This evening, plans for a new free school will be thrashed out by councillors.

The proposal, which appeared on the front page of The Argus on Tuesday, will be discussed at Brighton and Hove City Council’s policy and resources committee, starting at 4pm.

The school is expected to cater for 200 students per year group – making it a 1,000-plus capacity school – while the opening date is set for September 2018.

Crucially, the school will be a free school, meaning it is independent and funded directly by the Government and not controlled by the local authority, while its proposed backer is the University of Brighton.

Ahead of this evening’s meeting, two people give their differing opinions on free schools.

FOR

Conservative councillor Andrew Wealls, opposition spokesman on the children and young people committee

Free schools wouldn’t exist if no one wanted them.

The policy has enabled parents, teachers, charities and universities to set up schools to meet a need they have identified for children in their area.

The vast majority have been set up in areas where there is a basic need for places, but some have been set up where there is a demand for an alternative or innovative type of education.

Our own Bilingual Primary School is the only bilingual facility in the city.

After years of local authority control, there has been no such innovation; and now we do.

King’s School [another free school in Brighton] brings an additional Christian secondary choice to our city.

It’s easy for critics to pick out examples of free schools which haven’t succeeded, but examples of failing schools exist in local authority schools and academies too.
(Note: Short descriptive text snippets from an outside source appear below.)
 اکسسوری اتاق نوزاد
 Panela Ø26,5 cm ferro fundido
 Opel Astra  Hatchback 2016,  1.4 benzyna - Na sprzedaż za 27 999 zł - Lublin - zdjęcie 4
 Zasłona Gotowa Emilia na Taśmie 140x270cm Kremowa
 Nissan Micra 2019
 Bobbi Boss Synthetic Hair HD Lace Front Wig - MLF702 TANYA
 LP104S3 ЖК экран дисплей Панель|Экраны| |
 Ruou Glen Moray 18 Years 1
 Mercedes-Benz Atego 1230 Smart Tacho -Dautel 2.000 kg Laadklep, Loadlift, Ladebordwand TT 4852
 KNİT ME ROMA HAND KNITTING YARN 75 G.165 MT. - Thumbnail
Policy exchange’s research paper ‘A Rising Tide’, found that the competitive effect created by a free school leads to improved academic standards in nearby underperforming schools.

In every year apart from 2010, the opening of a free school is associated with substantial improvements of the lowest-performing primary schools nearby.

At secondary level, the opening of a free school is associated with improvements for all secondary schools with below average results.

Nationally, the latest round of free school announcements brings innovation and choice to many groups, previously poorly served by mainstream schools, whether academies or free schools.

For example, The Campus free school will help up to 30 Haringey teenagers caught up in the cycle of crime to gain valuable qualifications, while giving them the support needed to avoid reoffending.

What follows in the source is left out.